There are many reasons why high school students may not turn in their homework. Some students may not have good organizational skills, or they might have difficulty with time management. Some just procrastinate; I can certainly sympathize with that, being something of a procrastinator myself. Others may have a heavy workload, so they push to the back burner items they think they can easily deal with later – and then that back burner disappears.
All of these reasons can apply to exchange students, too – with a couple of added issues that can also cause stress and confusion. Your exchange student most likely will not have had classes completely in English before; even students who are used to getting top grades back home may have difficulty adjusting to math, science, and history classes taught in a language that they have only studied for a few years. Think about your own foreign language classes, if you have had any; did you study the vocabulary that one finds in geometry or chemistry in your high school Spanish class?

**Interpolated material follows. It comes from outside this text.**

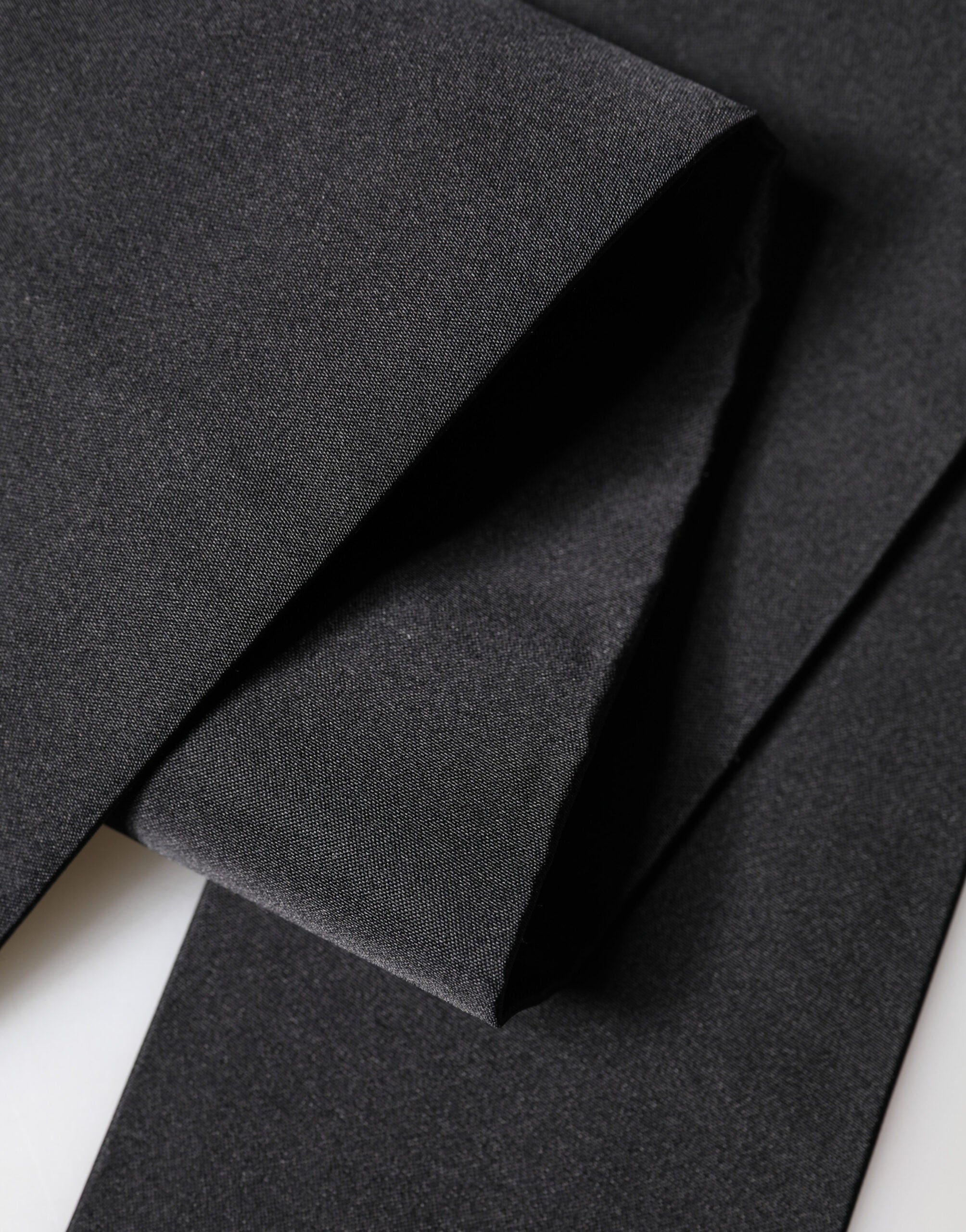 Black Silk Fringe Neck Wrap Foulard 160.5cm x 8cm Scarf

Moreover, in many countries, “homework” is something different than we are generally used to in the United States. For some of our students, homework is just work they’re expected to do at home at some point to help make sure they are learning the subject. They don’t turn it in, and the test of whether they have learned the materials is just that – an exam at the end of the term. Some of our students are indeed expected to turn in their work, but they may not be graded on it; it’s just the teacher’s way of knowing it’s been done.

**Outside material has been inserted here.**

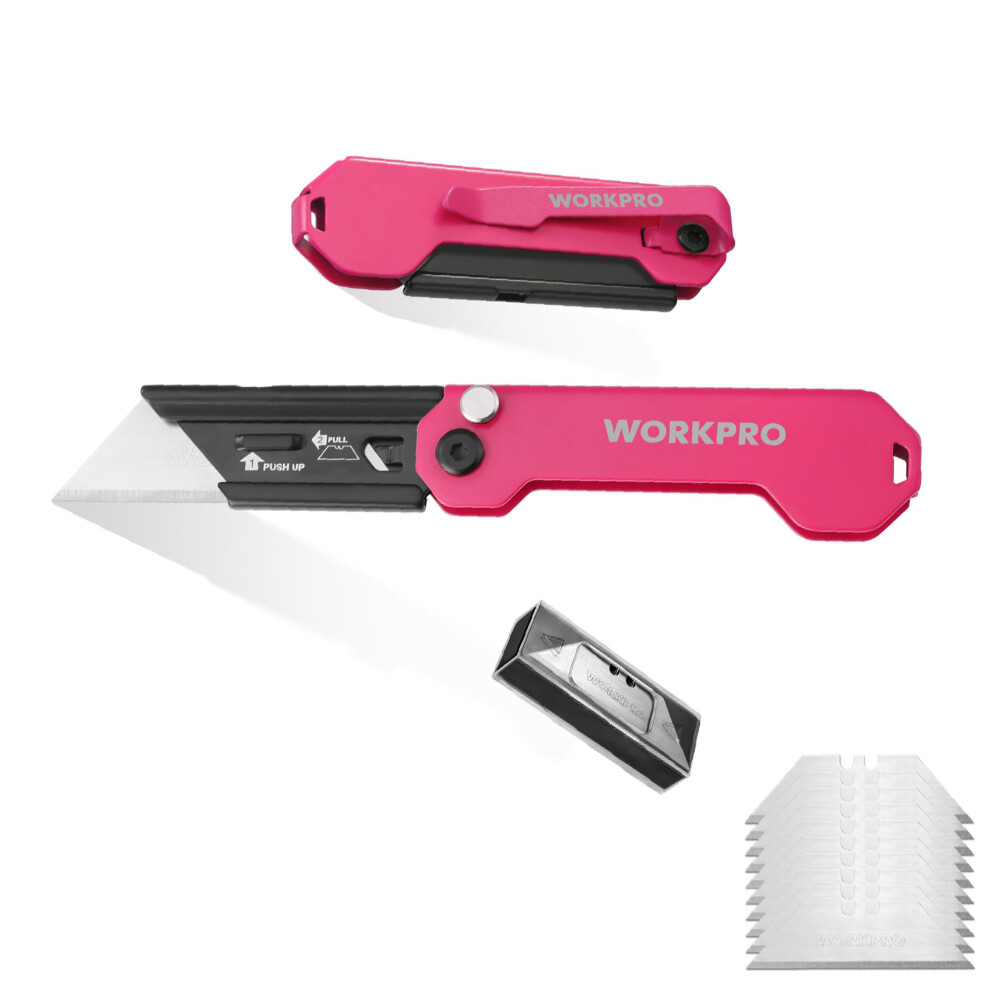 WORKPRO New Folding Utility Knife Mini Box Cutter with Quick Open Axis Lock US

Exchange students may also not be used to working on group projects, and so may receive poor grades as a result. They are often totally unused to the concept of class participation; even if they are used to the idea, the idea that a portion of their class grade may come from class participation could well be new to them.
Of course, exchange students are told before leaving their home countries about the general expectations are in the U.S. educational system. It’s part of the orientation and training they receive as preparation for exchange. In addition, local coordinators like us explain this to our students after arrival. Some students get it right away. But some don’t, which is pretty normal – they do receive a ton of information as preparation, and it’s unrealistic to expect them to remember everything!
How Can You Help?
Here are a few strategies that may help your student.

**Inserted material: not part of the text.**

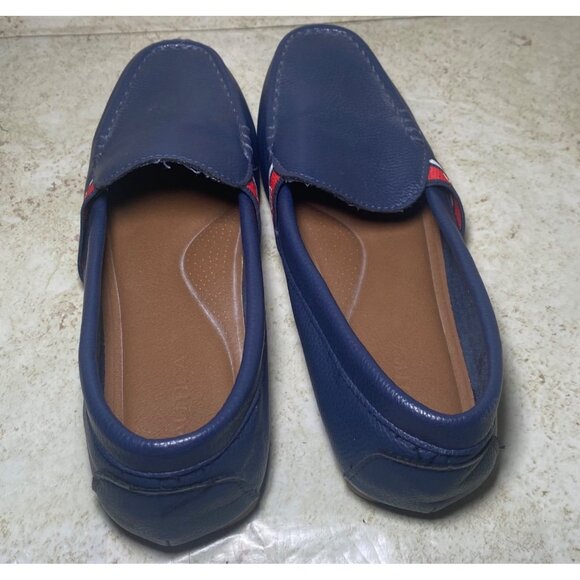 Nautica Navy Blue Faux Leather Driving Moccasins Walburton Style Size 9 - Picture 4 of 8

Even with your own children, you want to find a balance between providing support and allowing your teenager to take responsibility for their own work. It’s the same with our exchange students. We know it can be more challenging with exchange students, because you are just getting to know them and they may not yet feel comfortable sharing everything with host parents or their coordinators. What motivates your student may still be a mystery to you. Provide positive reinforcement, help them get to know what’s needed, encourage them to talk to their teachers, and overall -- be there for them when they succeed.